New York state’s other legislative bodies aren’t faring much better than the City Council. Women make up 32 percent of the Assembly, with 45 women among 141 current members. There are nine vacant seats. Women make up 23 percent of the Senate with 14 women out of 61 senators, with two vacant seats. New York has never had a female governor and New York City has never had a female mayor.

Twenty-two percent of the U.S. Senate are women; 19 percent of the House are women. Both figures represent an increase from previous Congresses, and the number seems poised to grow: The number of women considering running for office in the 2018 midterm elections is on pace to break records.

There are 50 female candidates for the Senate who have either filed papers or are likely to run, according to the Center for American Women and Politics. That’s more than the record 40 women who filed to run in 2016. There are 396 filed and likely candidates for the House. In 2012, a record 298 women filed to run for the House.

Moira McDermott, executive director of 21 In ’21, said the group has been contacted by approximately 50 women since the start of the #MeToo movement who are interested in running for City Council, and the group is doing one-on-one development with women who already know they are interested in running.

The mentoring helps women to develop a platform specific to the council district they intend to run in, while working on areas where they might need improvement as a candidate.
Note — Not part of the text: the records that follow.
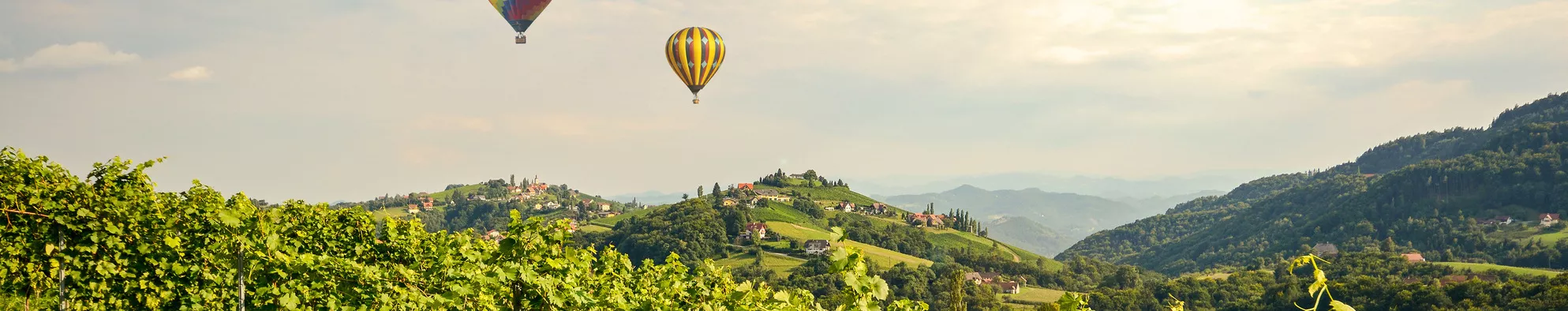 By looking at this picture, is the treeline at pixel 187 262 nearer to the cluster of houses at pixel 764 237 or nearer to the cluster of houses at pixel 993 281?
the cluster of houses at pixel 993 281

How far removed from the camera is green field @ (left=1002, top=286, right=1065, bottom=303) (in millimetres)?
130875

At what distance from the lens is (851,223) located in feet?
584

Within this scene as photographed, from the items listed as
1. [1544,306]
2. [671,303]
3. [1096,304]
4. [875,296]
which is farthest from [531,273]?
[1096,304]

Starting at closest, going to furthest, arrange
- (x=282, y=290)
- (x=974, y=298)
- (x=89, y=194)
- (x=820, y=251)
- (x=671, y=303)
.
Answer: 1. (x=282, y=290)
2. (x=671, y=303)
3. (x=89, y=194)
4. (x=974, y=298)
5. (x=820, y=251)

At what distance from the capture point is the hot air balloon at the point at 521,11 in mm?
61312

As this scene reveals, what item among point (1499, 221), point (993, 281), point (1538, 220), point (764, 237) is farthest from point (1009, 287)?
point (1538, 220)

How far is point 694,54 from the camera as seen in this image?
66750 mm

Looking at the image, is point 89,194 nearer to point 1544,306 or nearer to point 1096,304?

The group is also developing a membership program to create a pipeline of female candidates, even if they are presently unsure if they want to run for office.

“We are creating that atmosphere that’s empowering,” McDermott said.

One of the main causes of the gap between genders on the City Council is what the Women’s Caucus report called the “political ambition gap.” Women are often forced to choose between their careers and their families, which limits the pool of female applicants for political office. Women also tend to underestimate their qualifications as a candidate while overestimating the barriers to victory, according to the report.

“I had a lot of reasons I shouldn’t run,” recalled Carlina Rivera, who was elected to represent the Lower East Side on the City Council last year. “The money, the time; maybe I should go and get another degree.” In the end, Rivera decided to run, influenced by her predecessor, Rosie Mendez, and Rep. Nydia M. Velázquez. The outreach from the political establishment to potential female candidates is also lacking because the political operatives and party leaders who serve as gatekeepers are often men. Recruiting must be strengthened to focus specifically on young women, the report found.

In order to reach the goal of having 21 female City Council members in 2021, 17 new women must be elected; only four women are slated to be incumbents. Alicka Ampry-Samuel, who was elected to represent central Brooklyn in the City Council last year, acknowledged it will be a tremendous challenge.

“The work starts now,” Ampry-Samuel said, while looking around the room full of women at the fundraiser. “We’ve identified a lot of young women with potential.”